DBRS Downgrades Anglo American Rating to BBB (high), Trend Negative
Natural ResourcesDBRS has today downgraded the Issuer Rating of Anglo American plc (Anglo or the Group or the Company) to BBB (high) from A (low), maintaining the trend at Negative. These rating actions reflect Anglo’s weakened credit metrics and ongoing cost pressure, as well as heightened market and commodity risk in the mining sector. Combined with the challenges faced by the Company in financing its substantial capital expenditures program to bring major projects into production, these factors render the credit quality of the Company no longer commensurate with an A (low) rating.
The Negative trend reflects DBRS’s concern about the prospect of higher debt levels facing the Company in financing net free cash flow deficits expected by DBRS in 2014 as a result of high capital expenditures related to a number of expansion projects, notably the Minas-Rio iron ore project (Brazil) and the Grosvenor metallurgical coal project (Australia).
Over the past few years, Anglo’s balance sheet weakened significantly as a result of rising debt levels and erratic operating cash flow.

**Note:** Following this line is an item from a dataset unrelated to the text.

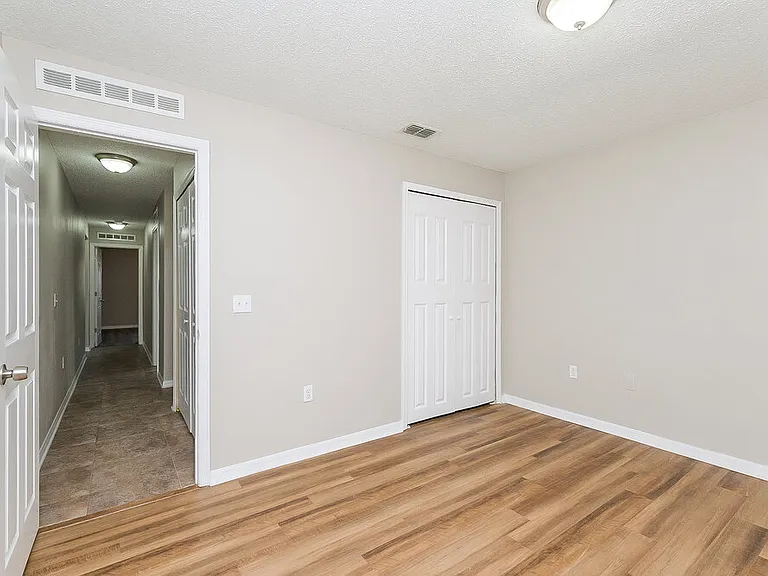 1159 Newcomb Ave — Photo 13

Anglo incurred large net free cash flow deficits in 2012 and 2013, largely as a result of its ambitious expansion program, as well as its increased investment in De Beers in 2012, resulting in an $8.6 billion increase in net debt over two years. Added debt, coupled with generally weakening commodity prices, resulted in deterioration of its key credit metrics, largely into the BBB range.
The Company continues to face challenges in bringing some key projects into production, including Minas-Rio, which was about 88% complete as at March 31, 2014. In addition, Anglo American faces near-term challenges and added costs in returning its South African platinum operations to full production after a lengthy strike, as well as the longer-term challenge of restructuring its platinum operations. Combined with the uncertainty in key commodity prices such as iron ore, copper and coal, it is DBRS’s view that Anglo continues to have heightened near-term business risk.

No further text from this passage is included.